UE depende dos Estados-membros para dar um passo de gigante contra a desflorestação
Há cerca de um ano, a Comissão Europeia (CE) apresentou uma proposta de regulamento para produtos livres de desflorestação, procurando minimizar o contributo da União Europeia (UE) para a desflorestação e degradação florestal mundiais, reduzir as emissões de gases com efeitos de estufa associadas à UE, assim como travar a perda de biodiversidade e acabar com as violações aos direitos humanos.
De certa forma, pretende-se finalmente responsabilizar as empresas e o setor financeiro para que os produtos que diariamente encontramos nas prateleiras dos supermercados não contribuam para processos de desflorestação.
Neste âmbito, a agricultura voltada para a exportação é, sem dúvida, o principal motivo de desflorestação no mundo, com estimativas variáveis que podem chegar aos 90%. Entre as mercadorias de maior risco, contam-se a carne de bovino e derivados da produção de gado, o óleo de palma, a soja e o cacau (dados da Organização para a Alimentação e Agricultura, FAO – desflorestação entre 2001 e 2015).
É aqui que a UE terá de ser chamada à sua responsabilidade.
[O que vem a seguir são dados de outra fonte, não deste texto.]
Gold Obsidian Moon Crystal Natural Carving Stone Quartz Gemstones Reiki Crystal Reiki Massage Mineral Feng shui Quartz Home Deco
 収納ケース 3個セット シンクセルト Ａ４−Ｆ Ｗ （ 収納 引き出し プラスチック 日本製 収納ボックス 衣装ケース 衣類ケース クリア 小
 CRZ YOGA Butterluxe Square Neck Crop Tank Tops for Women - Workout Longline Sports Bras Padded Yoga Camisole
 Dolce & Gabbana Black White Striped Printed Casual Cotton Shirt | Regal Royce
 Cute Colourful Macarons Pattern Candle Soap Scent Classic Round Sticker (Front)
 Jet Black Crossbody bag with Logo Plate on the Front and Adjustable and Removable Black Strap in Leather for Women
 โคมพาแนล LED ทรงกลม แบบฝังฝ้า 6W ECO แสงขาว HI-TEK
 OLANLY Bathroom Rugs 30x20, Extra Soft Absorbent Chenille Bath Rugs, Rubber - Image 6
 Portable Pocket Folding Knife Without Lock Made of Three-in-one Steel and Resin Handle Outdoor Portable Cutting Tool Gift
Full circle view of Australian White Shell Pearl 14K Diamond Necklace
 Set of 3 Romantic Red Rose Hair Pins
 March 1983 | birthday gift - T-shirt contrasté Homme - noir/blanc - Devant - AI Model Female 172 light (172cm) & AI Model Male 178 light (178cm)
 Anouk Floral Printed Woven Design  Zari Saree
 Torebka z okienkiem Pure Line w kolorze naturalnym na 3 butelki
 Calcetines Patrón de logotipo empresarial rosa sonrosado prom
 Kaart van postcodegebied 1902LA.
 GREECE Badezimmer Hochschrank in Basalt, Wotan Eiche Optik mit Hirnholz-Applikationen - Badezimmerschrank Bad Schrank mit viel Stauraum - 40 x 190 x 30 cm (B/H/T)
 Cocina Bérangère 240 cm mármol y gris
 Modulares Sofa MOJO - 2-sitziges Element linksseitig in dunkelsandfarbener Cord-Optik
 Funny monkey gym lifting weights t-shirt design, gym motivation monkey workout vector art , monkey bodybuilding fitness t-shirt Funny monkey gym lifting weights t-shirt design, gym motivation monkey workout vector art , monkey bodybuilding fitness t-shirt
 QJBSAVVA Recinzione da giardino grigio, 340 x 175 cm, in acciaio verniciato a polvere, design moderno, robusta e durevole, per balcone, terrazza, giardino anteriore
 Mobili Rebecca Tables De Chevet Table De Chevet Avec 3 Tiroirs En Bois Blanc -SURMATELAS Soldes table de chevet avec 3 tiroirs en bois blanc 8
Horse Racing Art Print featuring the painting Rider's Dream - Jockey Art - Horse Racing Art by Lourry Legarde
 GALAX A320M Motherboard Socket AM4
A UE é o principal exportador e o terceiro maior importador de alimentos em termos de valor, o que claramente nos responsabiliza face às consequências da produção doméstica e daquela desenvolvida nos países de origem. Só o consumo da UE é responsável por até 16% da desflorestação tropical.
E será que os portugueses se preocupam com a origem dos produtos que chegam diariamente ao seu prato? O reconhecimento do problema da desflorestação é grande. Os cidadãos portugueses, numa sondagem realizada recentemente, mostraram um apoio bastante alto (mais de 80% dos inquiridos) a uma regulamentação que garanta que produtos que causam desflorestação não chegam à sua mesa, identificando os grandes agentes económicos como os maiores responsáveis pelos impactes nas florestas. Perante a ineficácia de medidas de auto autorregulação , é necessária regulamentação.
Para a Zero e a Deco, a participação muito positiva dos deputados portugueses no Parlamento Europeu (PE), que, numa votação favorável em plenário, contribuíram de forma inequívoca para as alterações aprovadas, são um sinal de esperança no sentido de maior ambição do regulamento para efetivamente contribuir para a redução da desflorestação e degradação florestal global sem esquecer a componente de direitos humanos.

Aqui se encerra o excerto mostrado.